Danach lohnt sich ein nüchterner Blick auf die eigene Planung. Wer das Referendariat beginnen möchte, sollte sich über Bewerbungsfristen, Wartezeiten und Wunschorte informieren. Wer direkt arbeiten oder promovieren will, braucht dagegen ein klares Profil, etwa im Arbeitsrecht, Datenschutzrecht, Medizinrecht, Wirtschaftsrecht oder öffentlichen Recht.
- Zeugnisse prüfen: Stimmen Namen, Noten und Prüfungsteile?
- Referendariat planen: Fristen und Zulassungsvoraussetzungen des Bundeslandes recherchieren.

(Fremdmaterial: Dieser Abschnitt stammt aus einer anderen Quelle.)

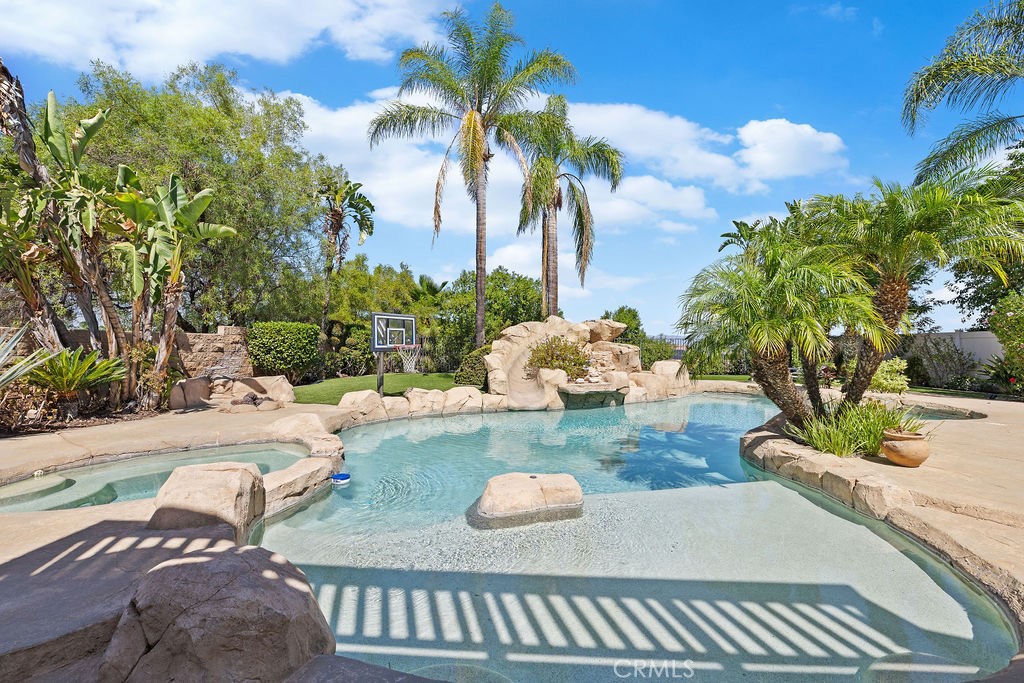 Beach Access Pool With Built In Basket Ball Hoop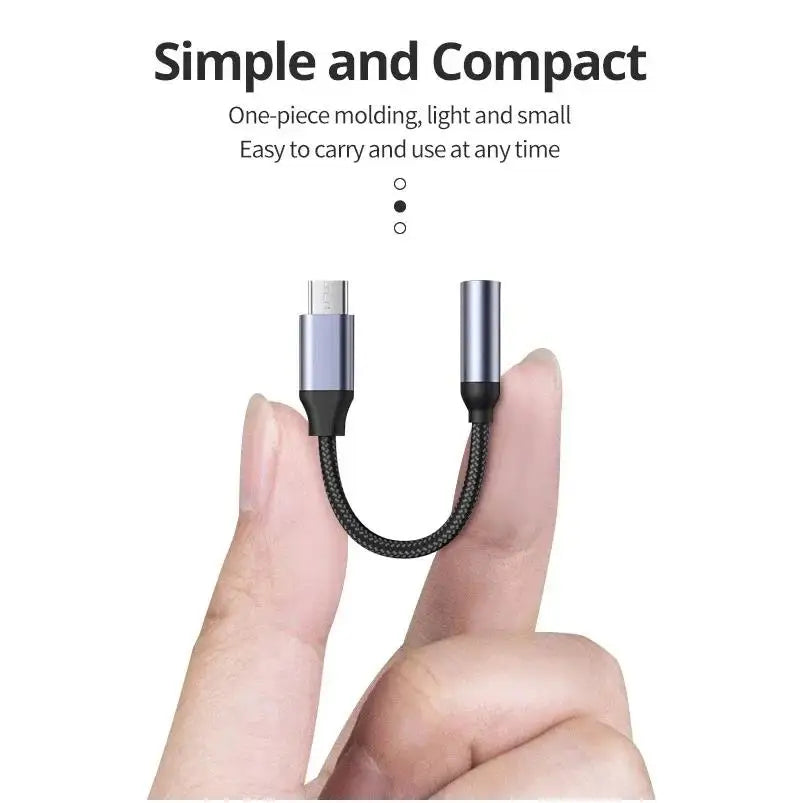 USB Type C to 3.5mm Earphone Adapter Converter Jack AUX Cable Headphone Adapter 3.5 Audio Cable for iPhone 15 Serie Mobile Phone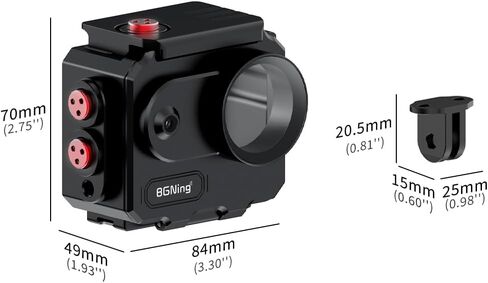BGNing 80M Aluminum Alloy Waterproof Case Compatible with go3/go3s, Quick Release Magnetic Mounting Base (Type 2) in Saudi Arabia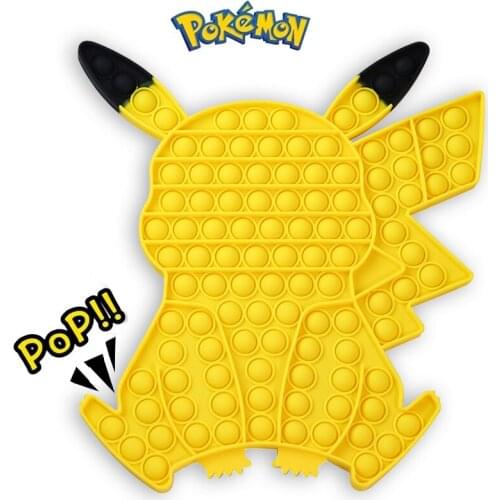 New Anime Pokemon Fidget Toys Pikachu Anti Stress Push Bubble Antistress Reliever Children Funny Kawaii Toys for Birthday Gift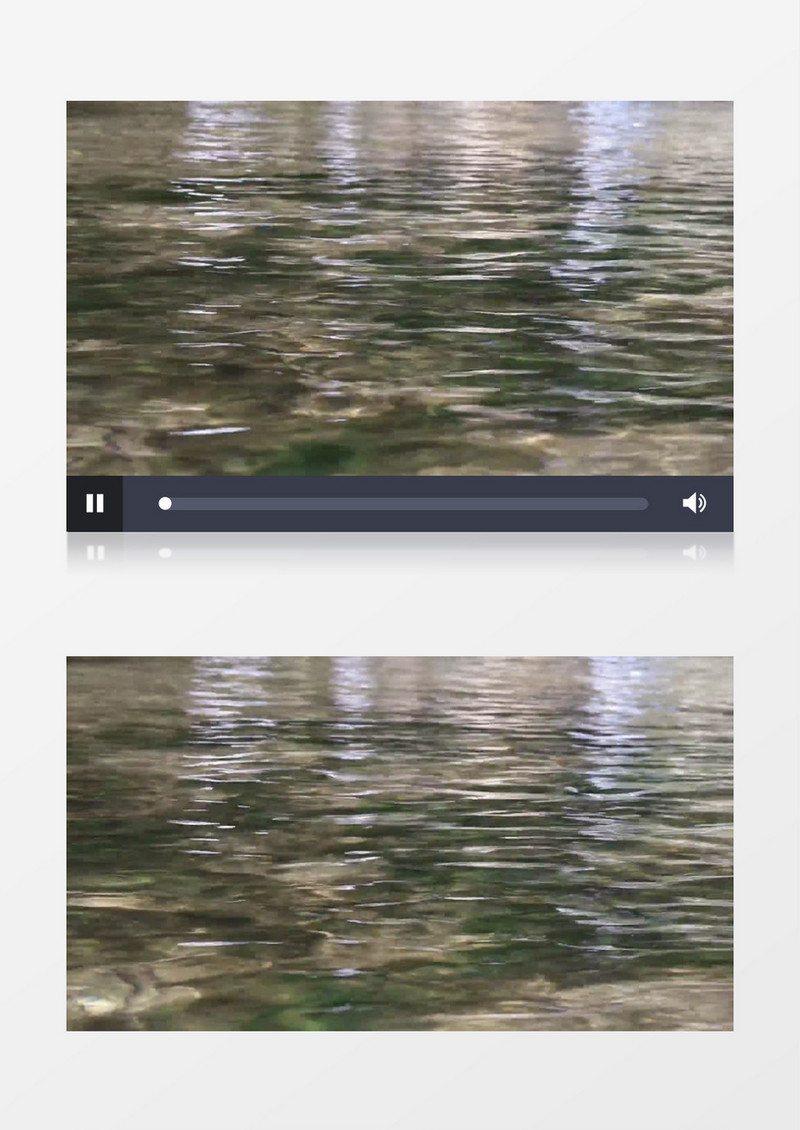 近距离拍摄河面上不断涌动的水波波纹实拍视频素材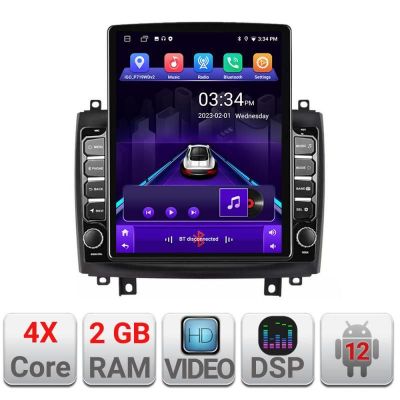 Navigatie Cadillac CTS 2003-2007 ecran tip TESLA 9.7" cu Android Radio Bluetooth Internet GPS WIFI 2+32 DSP Quad Core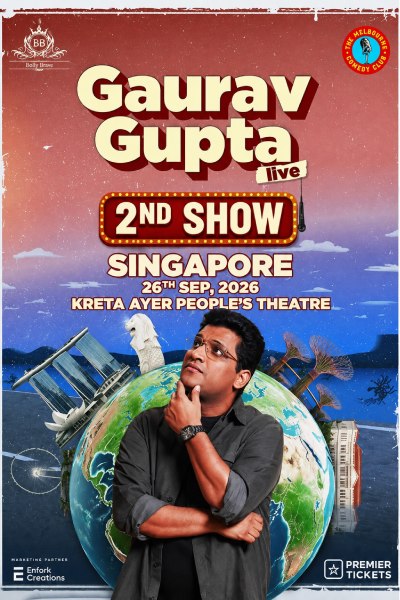 Standup Comedy by Gaurav Gupta Live in Singapore - 2026 (2nd Show)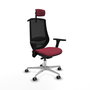 Piqueras y Crespo Chaise de Bureau Mardos Bordeaux et Noir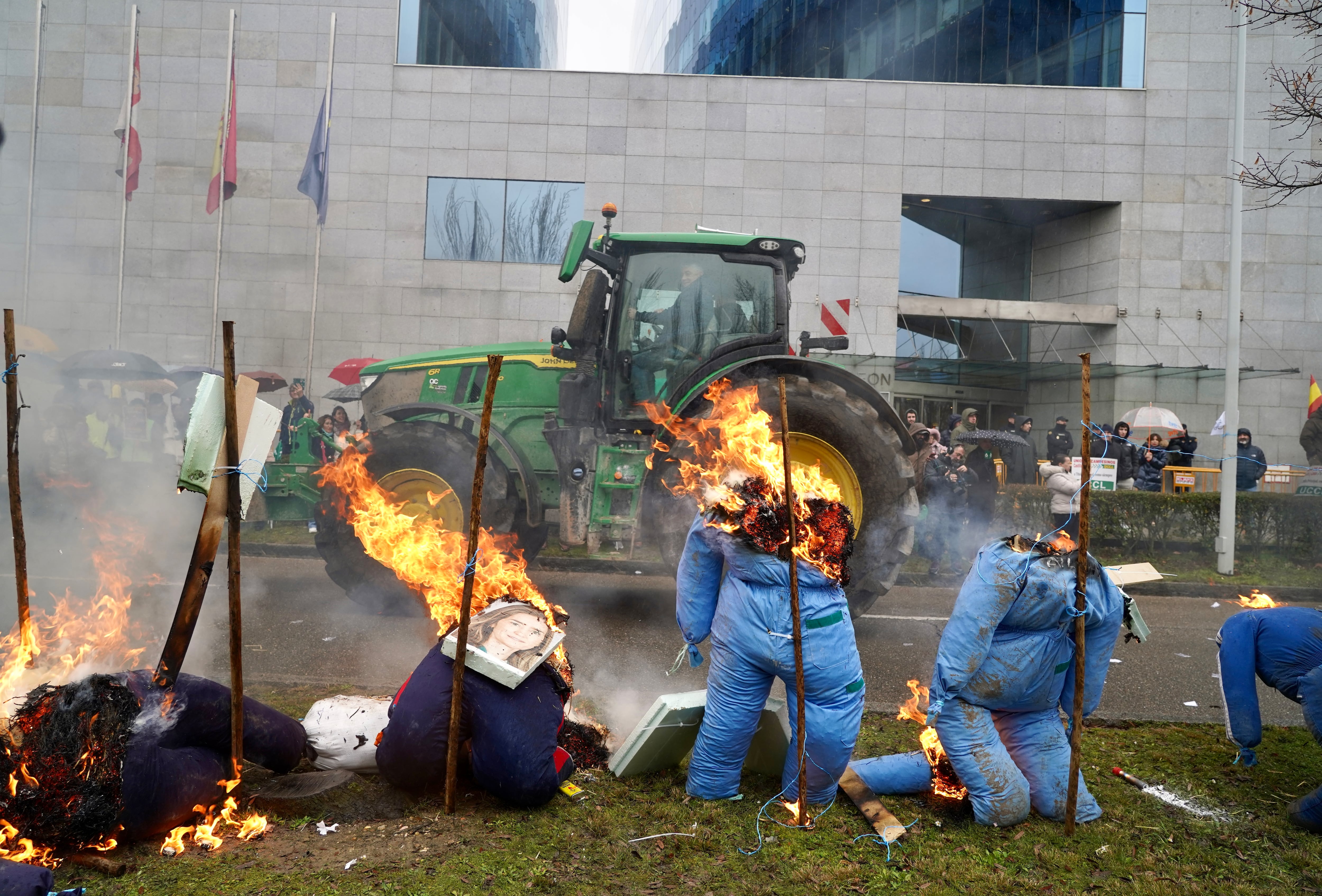Tractorada en contra de Mercosur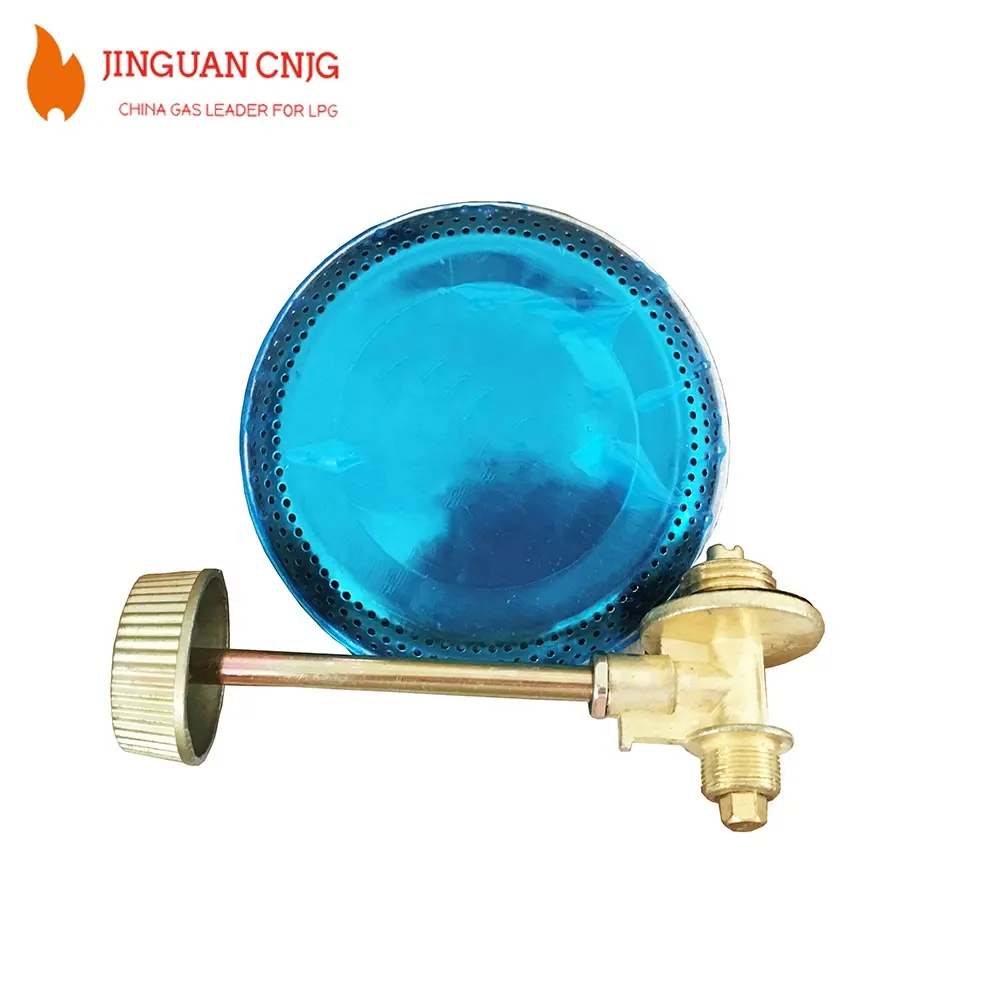 Factory supply CNJG LPG gas burners stove Blue Flame Camping use burner and valve gas cooker
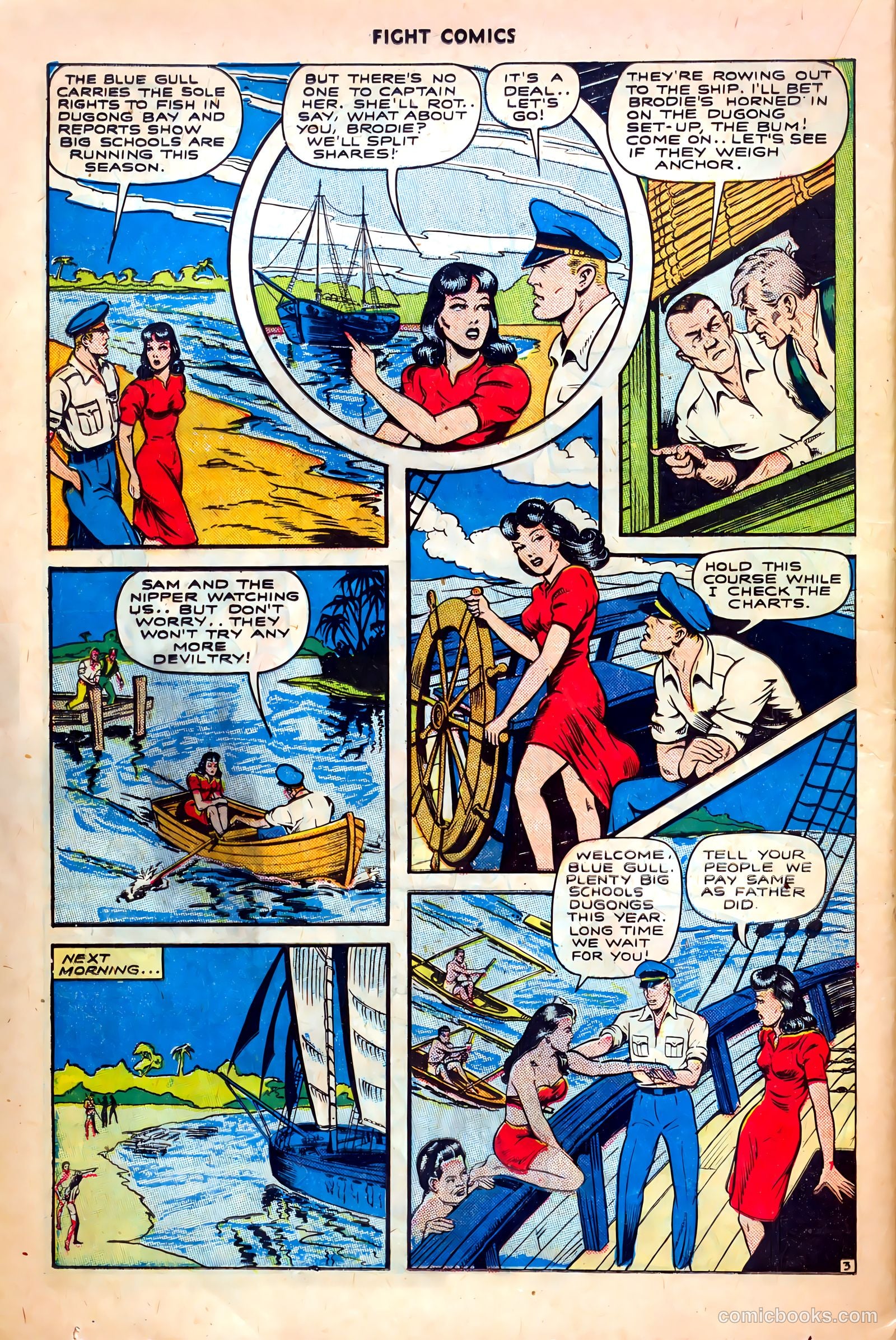 Fight Comics #35 (1944) — page 36 of 52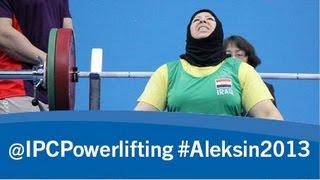 preview picture of video 'Powerlifting - women's -86kg, +86kg - 2013 IPC Powerlifting European Open Championships Aleksin'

- Berufsziel festlegen: Volljuristische Laufbahn, Wissenschaft oder direkter Berufseinstieg.
- Hochschulgrad klären: Bei der eigenen Fakultät nach Diplom, Magister oder LL.B. fragen.
- Finanzen bedenken: Unterhaltsbeihilfe, Wohnort, Versicherungen und mögliche Wartezeiten realistisch kalkulieren.
Die erste Prüfung ist ein Abschluss mit mehreren möglichen Richtungen
Nach dem Ersten Staatsexamen in Jura ist man weder ohne Abschluss noch bereits vollständig zugelassener Volljurist. Man hat das rechtswissenschaftliche Studium beendet und kann grundsätzlich den zweijährigen Weg zum Zweiten Staatsexamen einschlagen.
Gleichzeitig stehen alternative Wege offen. Ein Hochschulgrad, eine Promotion oder ein juristisch geprägter Beruf in einem Unternehmen können sinnvoll sein, wenn die klassische Laufbahn nicht zum eigenen Ziel passt. Entscheidend ist, die Begriffe sauber zu verwenden und die nächste Entscheidung nicht nur von der Examensnote, sondern auch vom gewünschten Arbeitsalltag abhängig zu machen.